### Task
No pictures belong in the copy. Retype exactly, and only, the stretch of lines below from the one with "Cannolini ricotta et" through the one with "Flødefarvet Johnson Bros".

### Record excerpts
*** Block opens ***

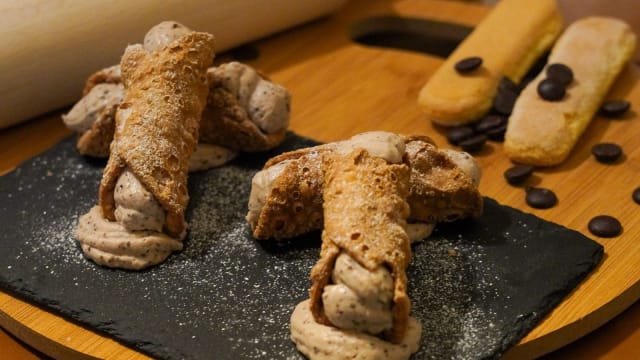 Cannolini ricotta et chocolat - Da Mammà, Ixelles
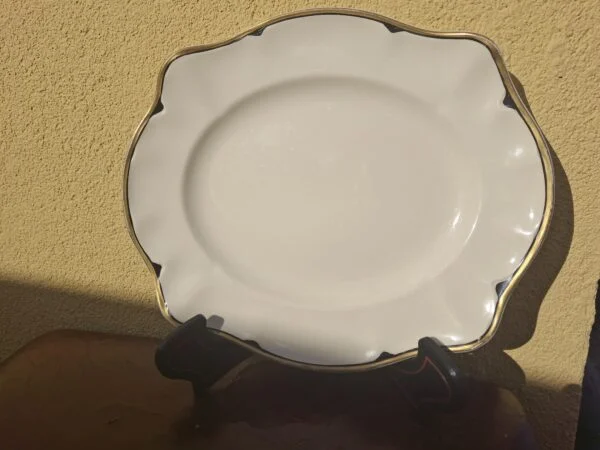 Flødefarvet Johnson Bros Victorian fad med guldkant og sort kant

*** Block closes ***
*** Block opens ***

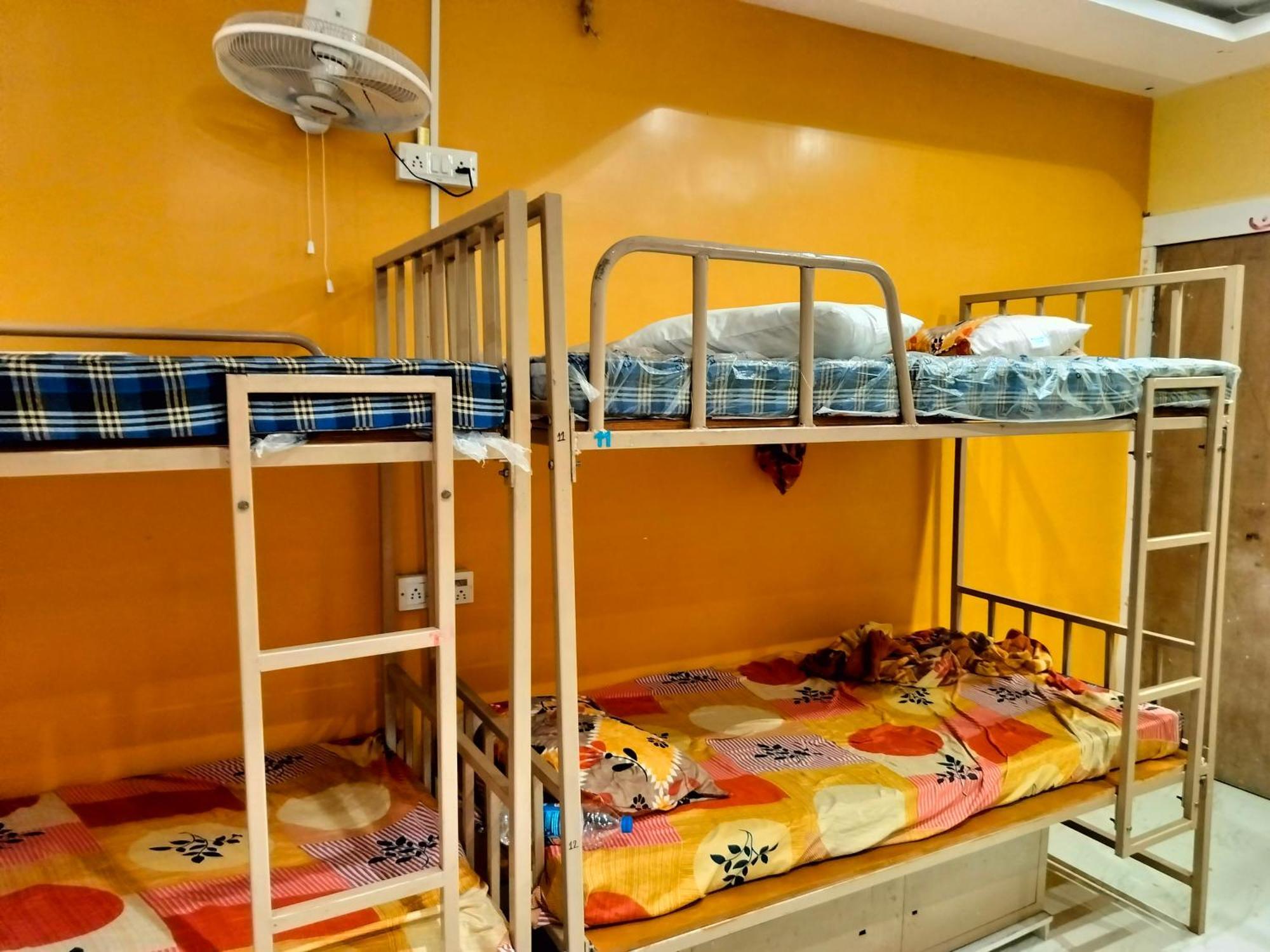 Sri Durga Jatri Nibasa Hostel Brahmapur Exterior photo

*** Block closes ***
*** Block opens ***

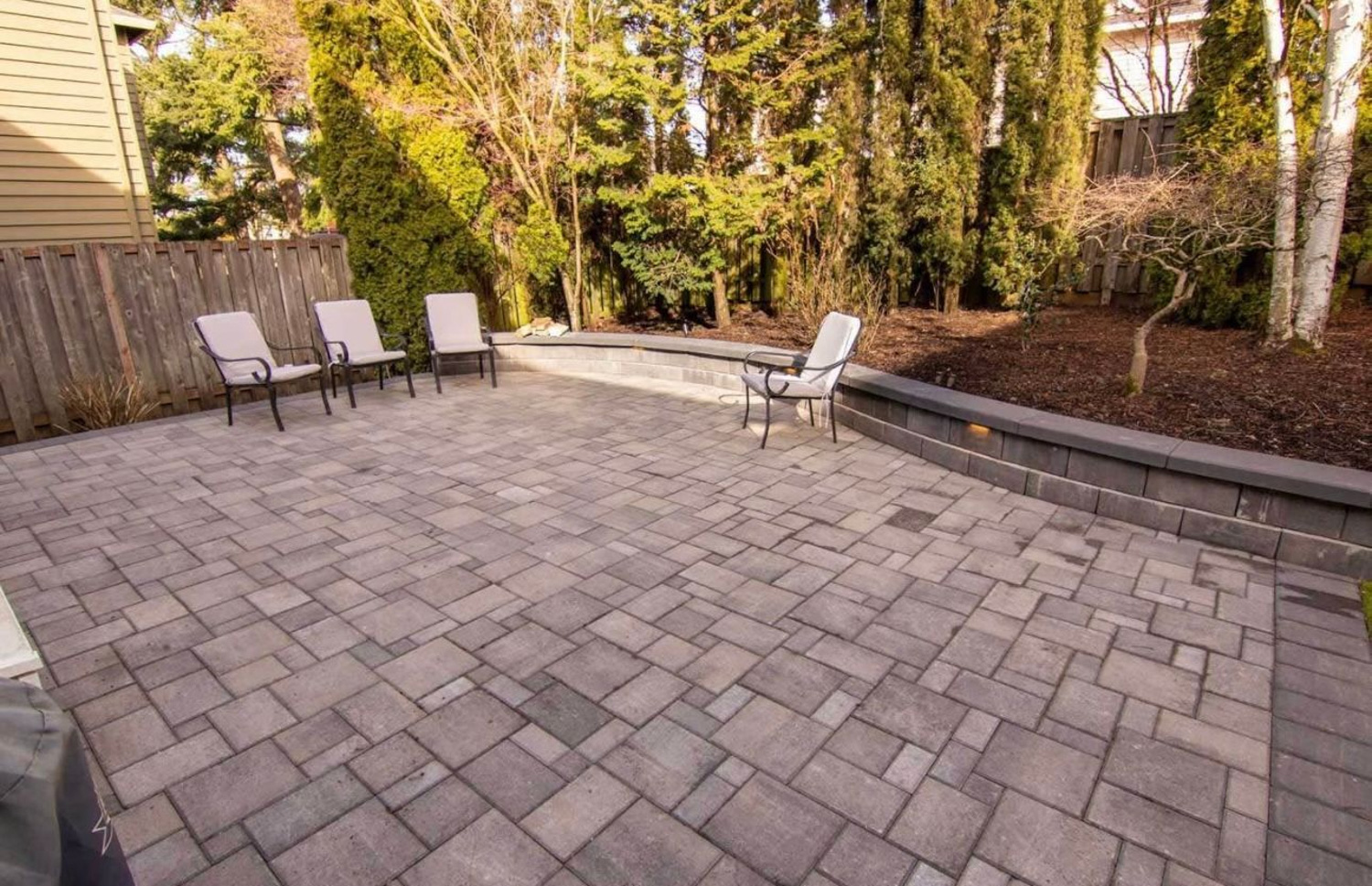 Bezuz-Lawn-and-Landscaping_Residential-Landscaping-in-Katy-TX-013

*** Block closes ***

### Answer box
 Cannolini ricotta et chocolat - Da Mammà, Ixelles
 Flødefarvet Johnson Bros Victorian fad med guldkant og sort kant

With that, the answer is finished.